You shouldn’t have to put it into a DataFrame, no StatsPlots recipes require that.

Hmmm, this is the one which seems like it would fit my use case:

@df iris groupedhist(:SepalLength; group = (:Species, :Color))

If I instead have:

a = randn(123)
b = randn(17)
etc...

Is there a similar command for that case? I’m sorry if it follows naturally from one of the examples in StatsPlots. The ones I could find seem to want the input as a matrix, but maybe a vector of vectors also works?

Working example with a DataFrame:

julia> a = randn(123);

julia> b = rand(4:10, 17); 

julia> df = DataFrame(series=vcat(fill(:a, length(a)), fill(:b, length(b))), data=vcat(a,b));

julia> @df df groupedhist(:data, group=:series)

I already have DataFrames as a dependency, so its not the end of the world to have make a new one.

you can just do groupedhist(data, group = series) if you have data and group as a matrix and vector

Sorry for being stupid here, but how do I form the data matrix when vectors have different lengths?

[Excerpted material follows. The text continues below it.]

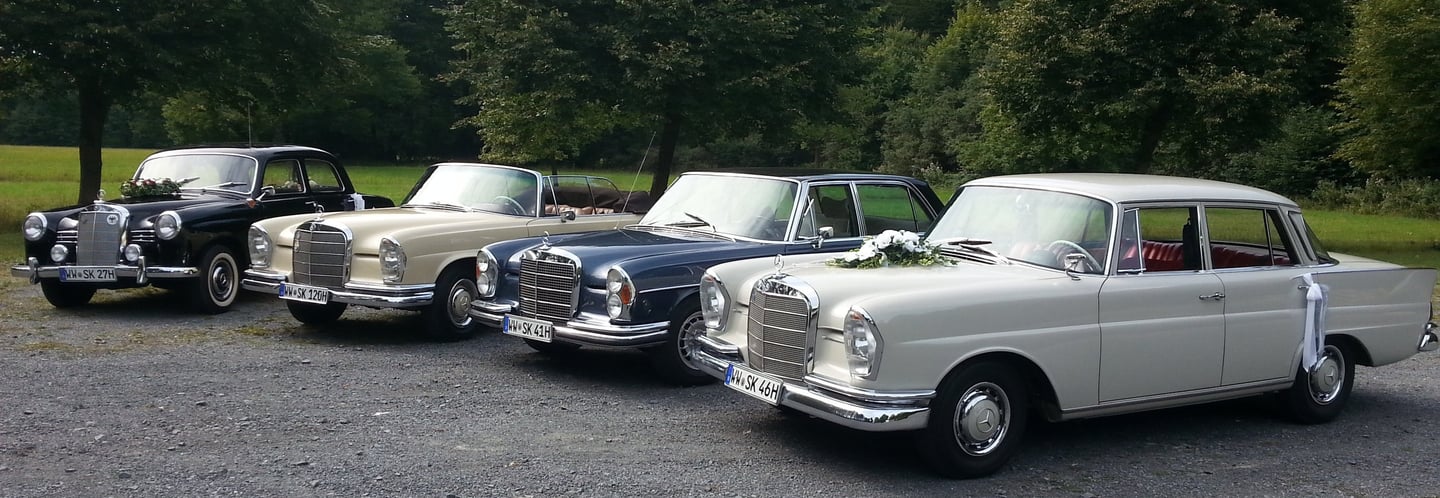 4 Oldtimer stehen in einem Bogen in einer Reihe. 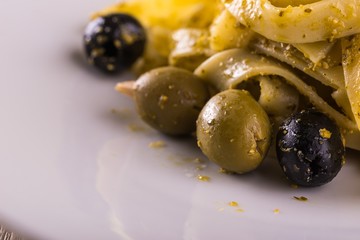 Detail of few olives with in portion of tagliatelle with green pesto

Do I need to pad rows with missing/NaN? Or can I just concat the vectors and make series index aligned, i.e. the exact same format as in the DataFrame in the example?

Is it possble to create an MWE from the arrays in my example above?

Thanks for all your help!

Yes, the exact same format as in the DataFrame in the example.

1 Like

Thanks! It worked.

In hindsight I guess it is kinda obvious since this is basically what the @df macro expands to, right?

exactement :slight_smile:

1 Like